Dataset

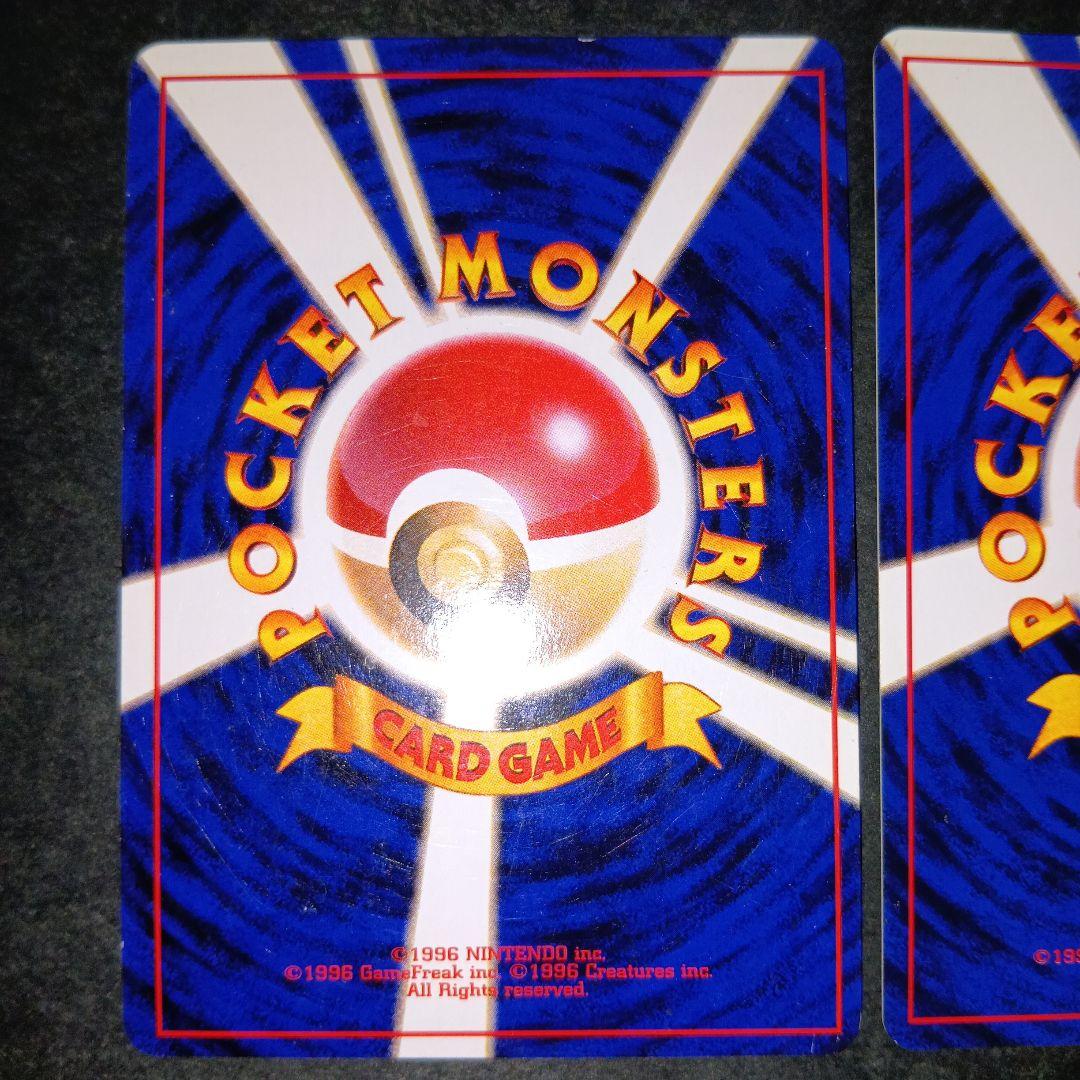 フシギバナ ★ 第1弾拡張パック ポケモンカード 旧裏 マークあり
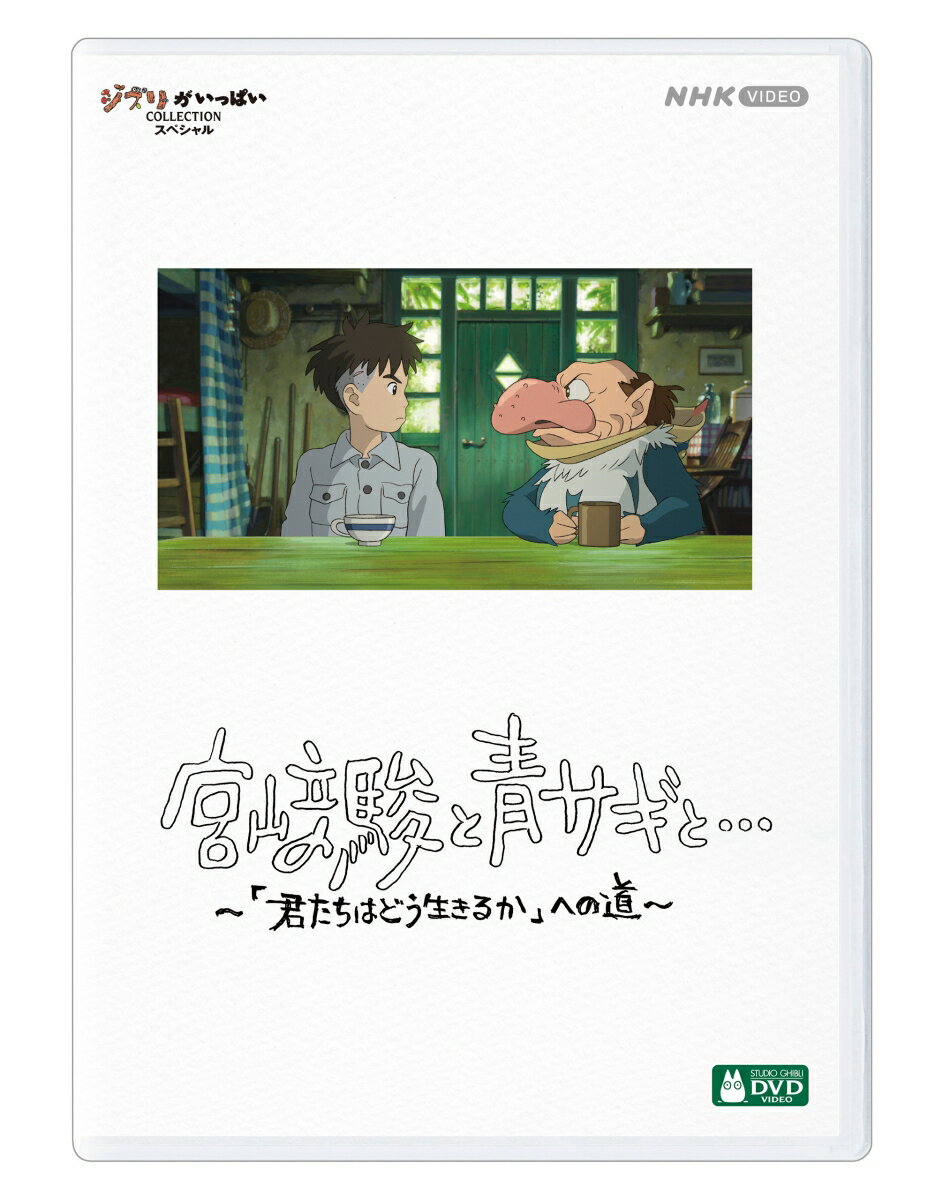 宮崎駿と青サギと… 〜「君たちはどう生きるか」への道〜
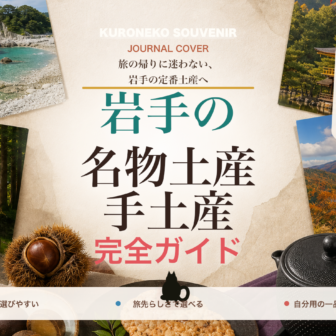 岩手の名物土産・手土産おすすめ完全ガイド｜迷ったらまずこれ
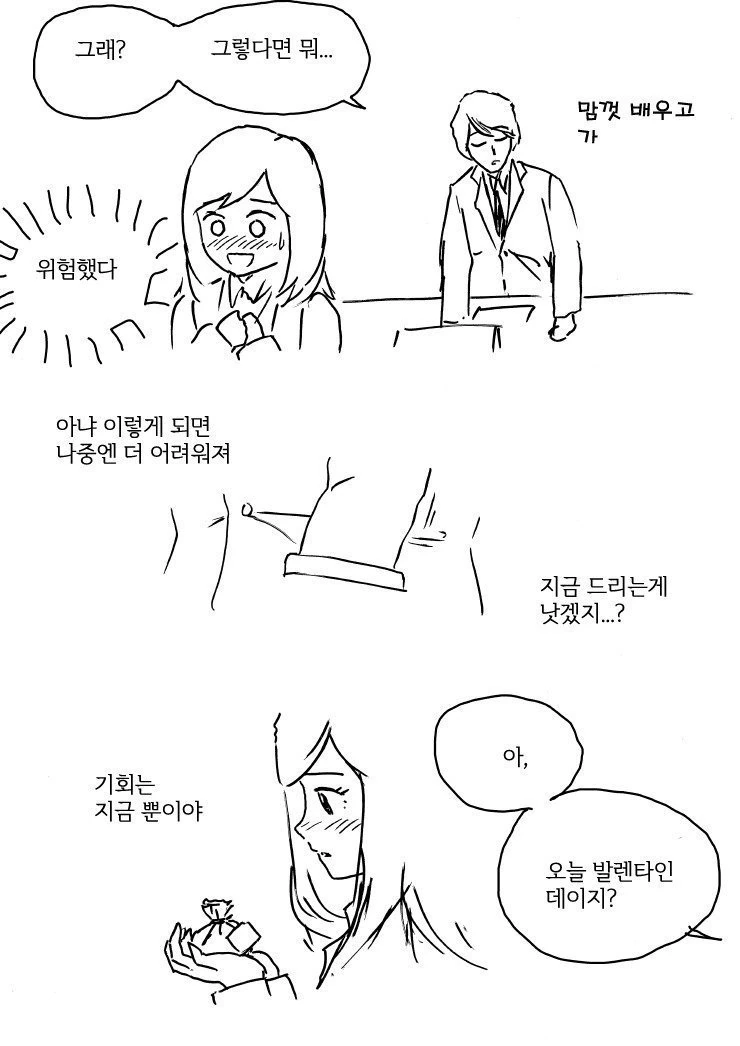 manga_1272038_005.webp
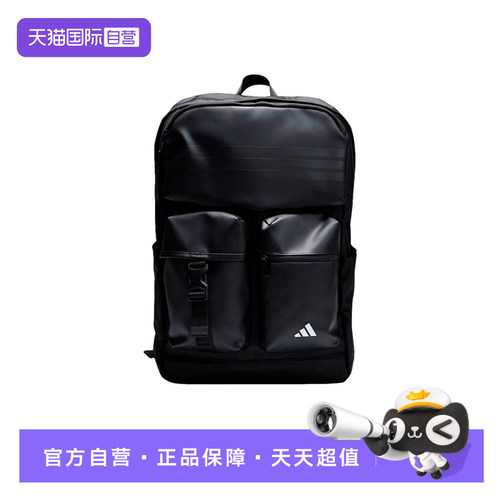 【自营】adidas阿迪达斯中性多仓收纳旅行学生书包双肩背包LF1674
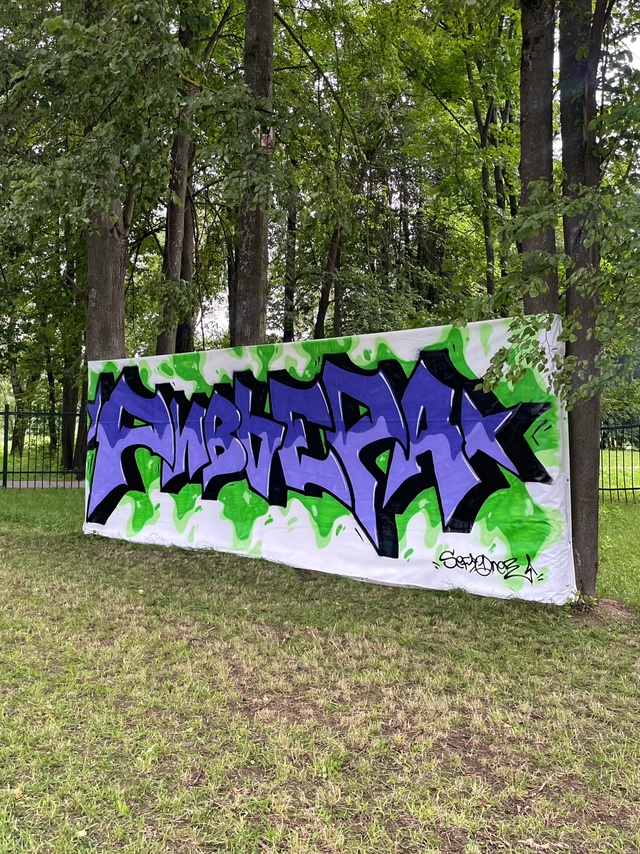 Граффити в парке Ривьера 💜
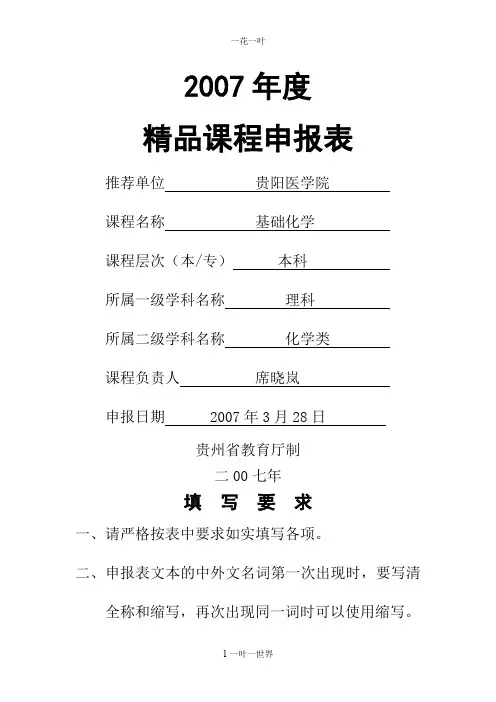(完整word版)精品课程申报表
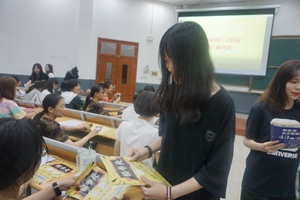 太阳成集团tyc234cc古天乐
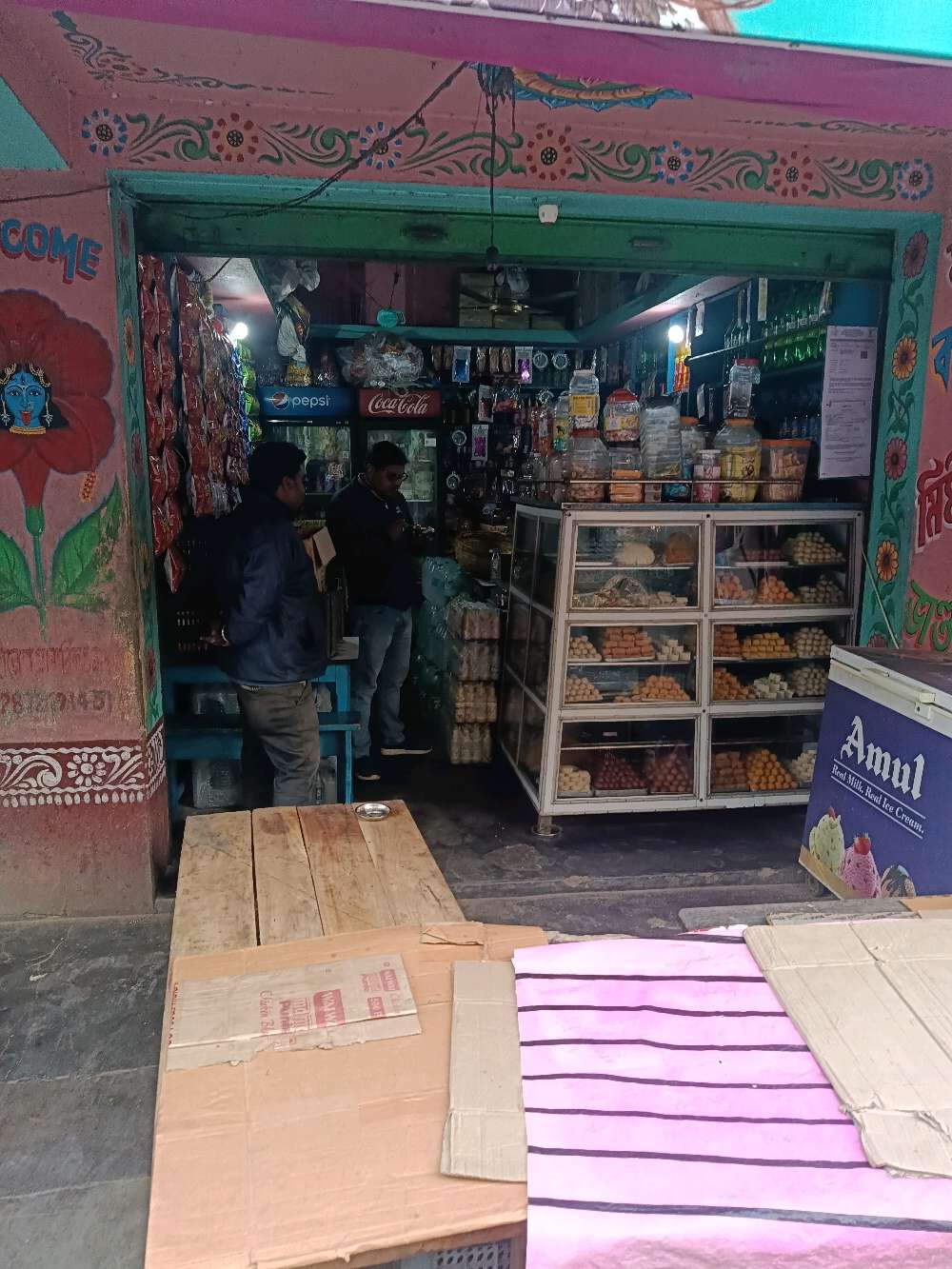 Maa Kali Mistanna Bhander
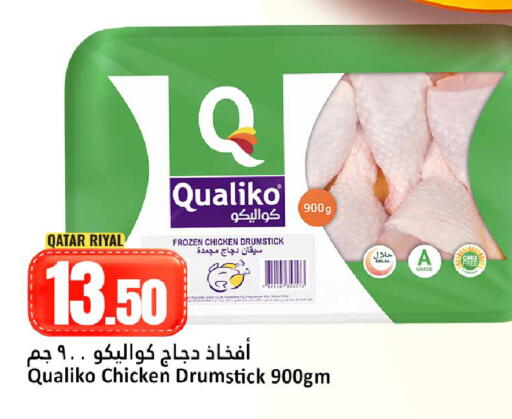 available at دانة هايبرماركت in قطر - الضعاين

What you should do
Please write out all of the data verbatim, with no pictures in the copy.

Written response
 フシギバナ ★ 第1弾拡張パック ポケモンカード 旧裏 マークあり
 宮崎駿と青サギと… 〜「君たちはどう生きるか」への道〜
 岩手の名物土産・手土産おすすめ完全ガイド｜迷ったらまずこれ
 manga_1272038_005.webp
 【自营】adidas阿迪达斯中性多仓收纳旅行学生书包双肩背包LF1674
 Граффити в парке Ривьера 💜
(完整word版)精品课程申报表
 太阳成集团tyc234cc古天乐
 Maa Kali Mistanna Bhander
 available at دانة هايبرماركت in قطر - الضعاين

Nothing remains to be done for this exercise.